WORK REQUIRED: Nothing but the lines below from the one containing "Wall Unit With Mirror" through the one containing "Blumenkohlsuppe als Low Carb Rezept" should appear in the answer, exact and without pictures.

EXERCISE MATERIAL:
════
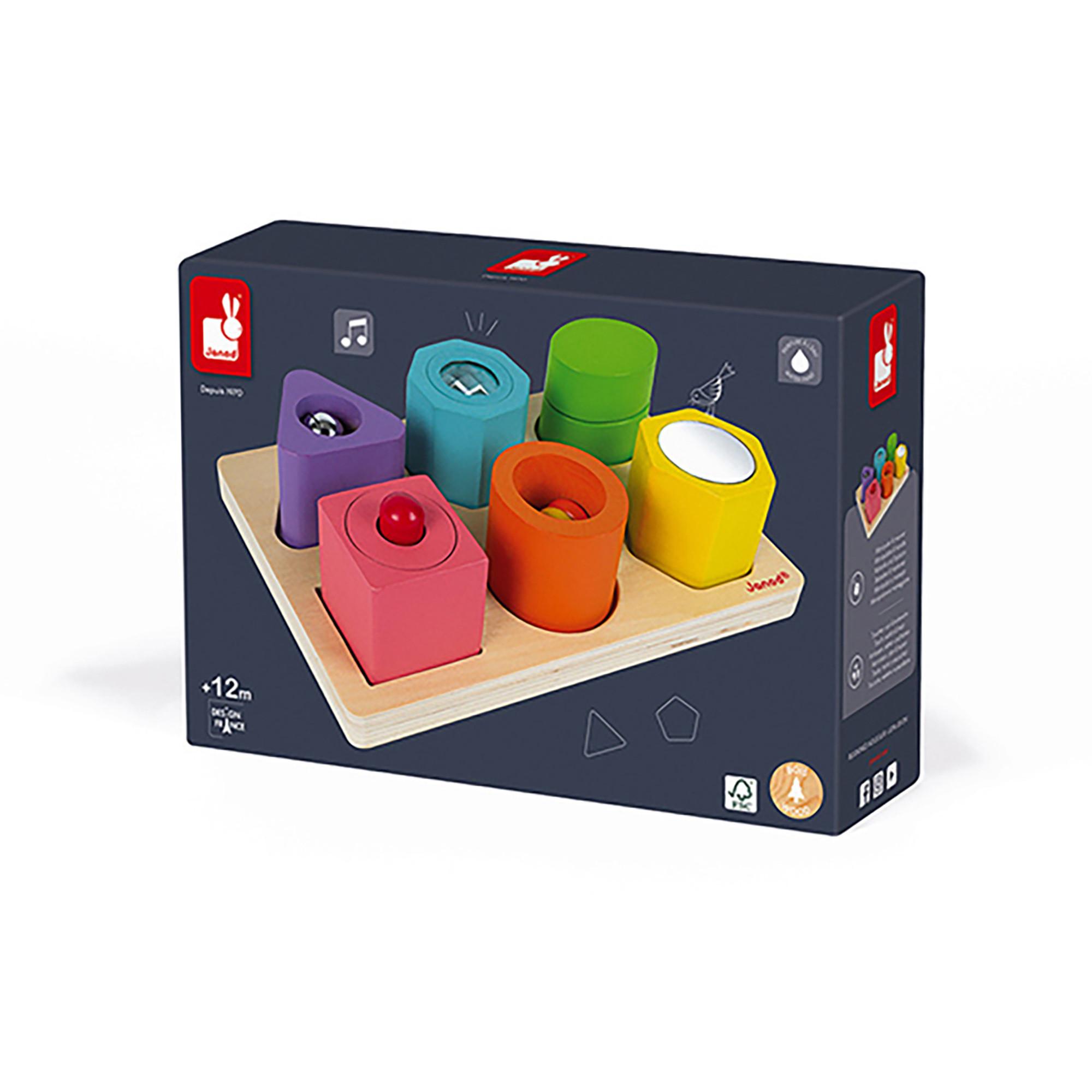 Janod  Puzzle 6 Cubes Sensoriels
════
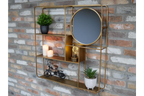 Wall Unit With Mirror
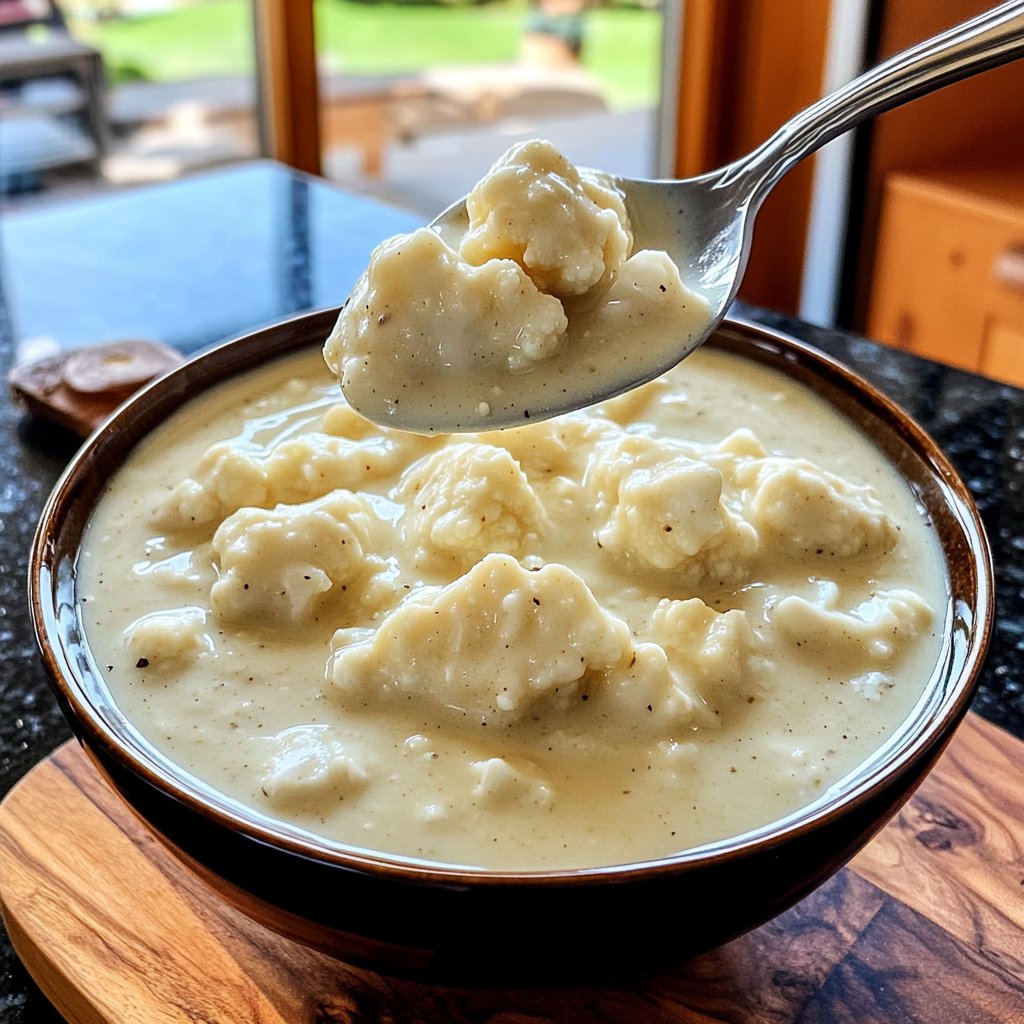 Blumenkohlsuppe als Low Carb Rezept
════
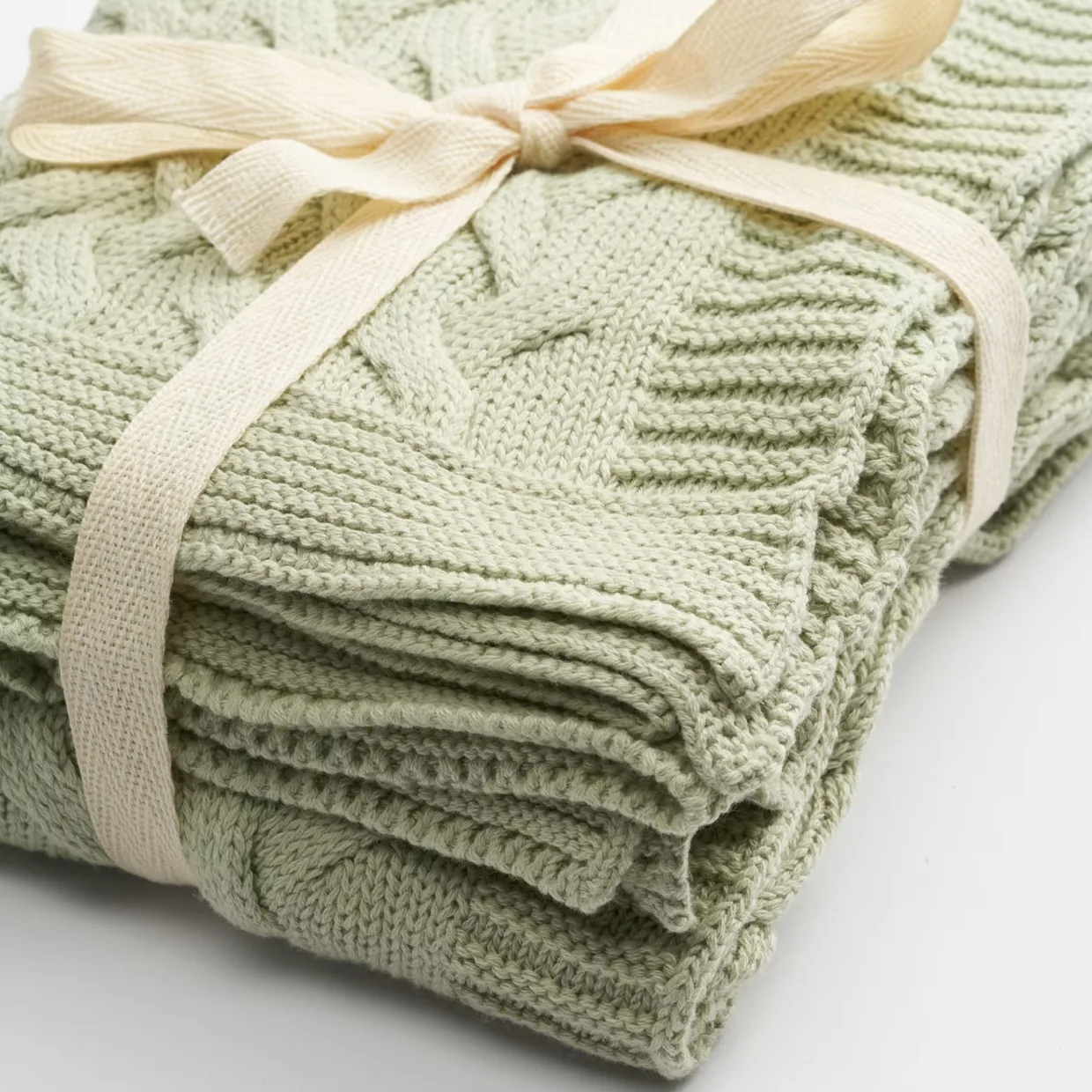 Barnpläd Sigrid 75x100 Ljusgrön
════
RESPONSE TO THE TASK:
 Wall Unit With Mirror
 Blumenkohlsuppe als Low Carb Rezept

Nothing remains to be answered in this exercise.